**Work instructions**
Search the data for the word "House" and copy out every line that has it.

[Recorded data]
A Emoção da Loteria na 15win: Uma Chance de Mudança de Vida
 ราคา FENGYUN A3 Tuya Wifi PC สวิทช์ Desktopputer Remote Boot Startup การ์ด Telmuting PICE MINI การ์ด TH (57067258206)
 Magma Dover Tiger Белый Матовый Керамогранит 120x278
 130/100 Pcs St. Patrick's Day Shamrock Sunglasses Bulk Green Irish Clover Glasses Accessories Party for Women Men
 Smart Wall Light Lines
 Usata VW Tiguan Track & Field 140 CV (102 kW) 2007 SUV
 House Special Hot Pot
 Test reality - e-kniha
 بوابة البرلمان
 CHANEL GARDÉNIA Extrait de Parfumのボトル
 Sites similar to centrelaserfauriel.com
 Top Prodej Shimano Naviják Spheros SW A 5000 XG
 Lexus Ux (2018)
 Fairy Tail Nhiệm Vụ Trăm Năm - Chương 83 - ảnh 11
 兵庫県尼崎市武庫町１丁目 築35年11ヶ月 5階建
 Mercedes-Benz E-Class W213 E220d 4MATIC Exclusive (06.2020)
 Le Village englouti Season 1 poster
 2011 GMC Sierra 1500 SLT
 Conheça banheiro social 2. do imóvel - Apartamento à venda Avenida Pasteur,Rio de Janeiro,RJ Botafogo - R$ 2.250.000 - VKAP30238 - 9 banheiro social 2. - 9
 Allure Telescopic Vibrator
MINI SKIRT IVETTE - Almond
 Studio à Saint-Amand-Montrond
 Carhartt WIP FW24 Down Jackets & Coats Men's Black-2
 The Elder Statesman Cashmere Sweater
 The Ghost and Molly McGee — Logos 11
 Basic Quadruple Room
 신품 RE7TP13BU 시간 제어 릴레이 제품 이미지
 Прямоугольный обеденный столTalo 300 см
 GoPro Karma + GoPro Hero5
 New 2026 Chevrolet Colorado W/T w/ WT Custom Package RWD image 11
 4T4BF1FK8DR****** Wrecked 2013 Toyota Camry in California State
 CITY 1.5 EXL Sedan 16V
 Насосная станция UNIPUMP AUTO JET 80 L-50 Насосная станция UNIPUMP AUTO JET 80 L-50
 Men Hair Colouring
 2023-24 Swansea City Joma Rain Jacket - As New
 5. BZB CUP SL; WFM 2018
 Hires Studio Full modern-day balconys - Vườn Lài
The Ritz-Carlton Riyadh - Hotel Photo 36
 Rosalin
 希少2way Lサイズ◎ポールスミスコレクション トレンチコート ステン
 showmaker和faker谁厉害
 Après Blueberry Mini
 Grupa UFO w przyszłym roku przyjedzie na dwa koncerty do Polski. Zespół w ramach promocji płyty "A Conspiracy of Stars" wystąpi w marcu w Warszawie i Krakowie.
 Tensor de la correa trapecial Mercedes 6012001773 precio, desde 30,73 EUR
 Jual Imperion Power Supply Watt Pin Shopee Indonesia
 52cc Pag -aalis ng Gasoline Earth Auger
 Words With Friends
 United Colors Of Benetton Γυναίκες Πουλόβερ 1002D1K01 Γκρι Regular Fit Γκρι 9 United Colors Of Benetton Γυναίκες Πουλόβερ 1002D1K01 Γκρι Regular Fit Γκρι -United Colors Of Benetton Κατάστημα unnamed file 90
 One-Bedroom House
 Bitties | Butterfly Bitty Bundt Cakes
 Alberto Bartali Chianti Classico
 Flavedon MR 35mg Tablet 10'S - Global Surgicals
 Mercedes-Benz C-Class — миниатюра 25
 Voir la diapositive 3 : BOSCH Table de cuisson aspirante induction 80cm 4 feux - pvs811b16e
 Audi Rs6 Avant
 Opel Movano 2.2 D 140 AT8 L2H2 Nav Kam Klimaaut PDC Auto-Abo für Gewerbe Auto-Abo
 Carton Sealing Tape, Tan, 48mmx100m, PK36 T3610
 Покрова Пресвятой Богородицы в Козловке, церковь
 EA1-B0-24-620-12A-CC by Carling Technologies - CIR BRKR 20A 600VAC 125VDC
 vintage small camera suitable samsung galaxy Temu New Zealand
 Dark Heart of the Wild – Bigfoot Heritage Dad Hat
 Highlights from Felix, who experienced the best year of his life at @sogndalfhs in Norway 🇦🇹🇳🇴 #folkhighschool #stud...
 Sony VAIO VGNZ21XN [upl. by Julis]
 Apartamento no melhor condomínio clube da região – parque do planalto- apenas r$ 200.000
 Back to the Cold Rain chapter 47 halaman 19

**Task solution**
 House Special Hot Pot
 One-Bedroom House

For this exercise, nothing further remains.